Columnist Ron Kantowksi: 51s catcher quiets hecklers
Tuesday, May 28, 2002 | 9:26 a.m.
Ron Kantowski's insider notes column appears Tuesday and his Page One column appears Thursday. He can be reached at ron@lasvegassun.com or (702) 259-4088.
According to the official Pacific Coast League statistics, Las Vegas 51s catcher Dave Ross is hitting .299. But according to Vicki Ballou, a baseball fan from Portland, Ore., Ross is batting 1.000 for the way he handled a potentially ugly situation at PGE Park in Portland Friday night.
Ballou, her husband and their son were sitting in the vicinity of the 51s' on-deck circle and were becoming increasingly annoyed by two boys' -- she described them as "punks" -- incessant heckling of the Las Vegas batters. She said most of the 51s ignored them but when they were especially unmerciful to Ross, he reacted.
According to Ballou, the 51s' catcher left the on-deck circle and ducked into the dugout. When he re-emerged and headed toward the youths, Ballou said she feared another unsavory fan-player incident was about to unfold.
"Instead, I witnessed something completely unexpected," Ballou wrote in an e-mail to the Sun. "Ross stood there until he caught the boys' attention. He then tossed a ball to them, smiled, nodded and returned to his warm-up routine.
"After a moment of stunned silence, the boys began yelling, this time even louder.

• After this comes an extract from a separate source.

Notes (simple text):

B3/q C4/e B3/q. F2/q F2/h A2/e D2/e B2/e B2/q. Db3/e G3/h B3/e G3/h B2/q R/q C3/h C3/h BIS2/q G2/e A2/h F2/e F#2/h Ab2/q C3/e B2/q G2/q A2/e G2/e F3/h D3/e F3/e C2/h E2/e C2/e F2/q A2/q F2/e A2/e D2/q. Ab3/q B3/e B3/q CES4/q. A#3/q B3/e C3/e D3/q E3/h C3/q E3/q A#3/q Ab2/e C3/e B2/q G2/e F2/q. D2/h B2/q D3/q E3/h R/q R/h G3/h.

But this time, the chants were 'Ross, you're the man!' And 'Ross, we love you.' "
Ballou said the teens continued to cheer Ross throughout the game, and stopped taunting the other 51s. And in the ninth, when he layed down a perfect suicide bunt for what proved to be the winning run, they went wild.
As Ballou noted in closing, "At a time when people are becoming increasingly disillusioned with professional athletes, a 25-year-old catcher named Dave Ross demonstrated what true character and sportsmanship really mean."

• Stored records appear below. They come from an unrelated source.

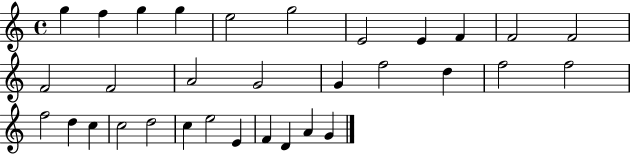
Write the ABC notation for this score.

X:1
T:Untitled
M:4/4
L:1/4
K:C
g f g g e2 g2 E2 E F F2 F2 F2 F2 A2 G2 G f2 d f2 f2 f2 d c c2 d2 c e2 E F D A G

Although they'll deny partisanship figured in the decision, without conclusive evidence that Las Vegas resident Paul Tracy completed his pass of race leader Helio Castroneves on Lap 199 before the caution light came on for a crash, there was little chance IRL officials (who sanction the 500) were going to reverse their original ruling and award the win to Tracy, who competes full-time in the CART series.

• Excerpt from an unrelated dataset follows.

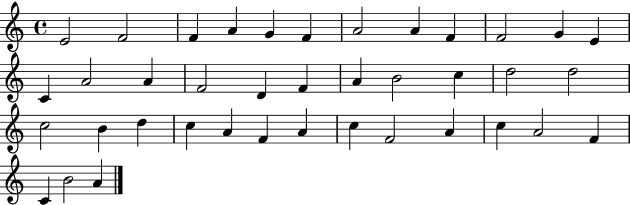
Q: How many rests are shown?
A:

For what it's worth (nothing), roughly 59 percent of more than 8,000 respondents to an ESPN poll thought Tracy won the race. Thirty-four percent sided with Castroneves while the rest were undecided.
Had Tracy been declared the winner, it would have marked the third straight year that a CART driver had cherry-picked the IRL's marquee event.
But it would appear that IRL founder and Indianapolis Motor Speedway chief Tony George has found a strategy to prevent CART teams from dominating future 500s: "If you can't beat 'em, put 'em out of business."
If George succeeds in luring a couple more of CART's high-profile teams to the other side of the fence -- ironically, Team Green, for which Tracy drives, is rumored to be one of them -- the competition between the rival open-wheel series soon may be over.
And then Indy-car racing will be right back where it was in 1970s -- one hallmark event every year, with about a dozen or so more that nobody cares about.
That's progress? Might as well bring back the Offenhauser engine and be done with it.